From the listing below, reproduce exactly the lines starting with the one with "Ferragamo Gancini Hinge" and going on through the one with "Paraguas Impresión de", both ends kept. No picture is copied.

__Records for the exercise__:
*** Block opens ***

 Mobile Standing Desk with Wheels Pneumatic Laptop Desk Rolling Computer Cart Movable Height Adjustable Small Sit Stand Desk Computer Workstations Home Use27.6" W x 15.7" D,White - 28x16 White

*** Block closes ***
*** Block opens ***

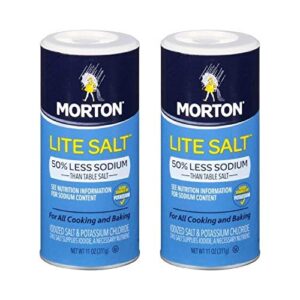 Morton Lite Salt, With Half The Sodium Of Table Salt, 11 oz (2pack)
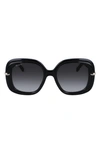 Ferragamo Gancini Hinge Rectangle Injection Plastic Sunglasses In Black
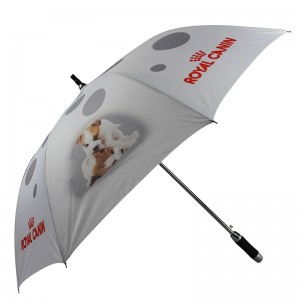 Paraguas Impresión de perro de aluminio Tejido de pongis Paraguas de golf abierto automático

*** Block closes ***

__Result below__:
 Ferragamo Gancini Hinge Rectangle Injection Plastic Sunglasses In Black
 Paraguas Impresión de perro de aluminio Tejido de pongis Paraguas de golf abierto automático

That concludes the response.